Re: [PATCH v3 bpf-next 0/4] Add support for cgroup bpf_link

From: Alexei Starovoitov <alexei.starovoitov@gmail.com>
To: David Ahern <dsahern@gmail.com>
Cc: Andrii Nakryiko <andrii.nakryiko@gmail.com>,
	Andrii Nakryiko <andriin@fb.com>, bpf <bpf@vger.kernel.org>,
	Networking <netdev@vger.kernel.org>,
	Alexei Starovoitov <ast@fb.com>,
	Daniel Borkmann <daniel@iogearbox.net>,
	Andrey Ignatov <rdna@fb.com>, Kernel Team <kernel-team@fb.com>
Subject: Re: [PATCH v3 bpf-next 0/4] Add support for cgroup bpf_link
Date: Tue, 31 Mar 2020 19:04:04 -0700	[thread overview]
Message-ID: <20200401020404.wbad24dxkv7qr2os@ast-mbp> (raw)
In-Reply-To: <95bfd8e0-86b3-cb87-9f06-68a7c1ba7d7a@gmail.com>

On Tue, Mar 31, 2020 at 07:42:46PM -0600, David Ahern wrote:
> On 3/30/20 7:17 PM, Alexei Starovoitov wrote:
> > On Mon, Mar 30, 2020 at 06:57:44PM -0600, David Ahern wrote:
> >> On 3/30/20 6:32 PM, Alexei Starovoitov wrote:
> >>>>
> >>>> This is not a large feature, and there is no reason for CREATE/UPDATE -
> >>>> a mere 4 patch set - to go in without something as essential as the
> >>>> QUERY for observability.
> >>>
> >>> As I said 'bpftool cgroup' covers it.
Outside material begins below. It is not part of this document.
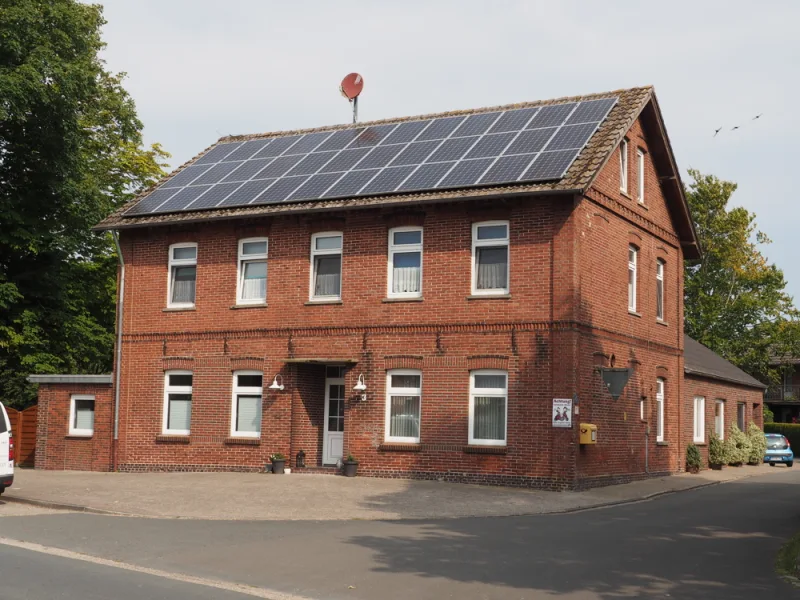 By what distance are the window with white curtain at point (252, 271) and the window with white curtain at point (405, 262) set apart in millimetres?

Observability is not reduced in any way.
> >>
> >> You want a feature where a process can prevent another from installing a
> >> program on a cgroup. How do I learn which process is holding the
> >> bpf_link reference and preventing me from installing a program? Unless I
> >> have missed some recent change that is not currently covered by bpftool
> >> cgroup, and there is no way reading kernel code will tell me.
> > 
> > No. That's not the case at all. You misunderstood the concept.
> 
> I don't think so ...
> 
> > 
> >> That is my point. You are restricting what root can do and people will
> >> not want to resort to killing random processes trying to find the one
> >> holding a reference. 
> > 
> > Not true either.
> > bpf_link = old attach with allow_multi (but with extra safety for owner)
> 
> cgroup programs existed for roughly 1 year before BPF_F_ALLOW_MULTI.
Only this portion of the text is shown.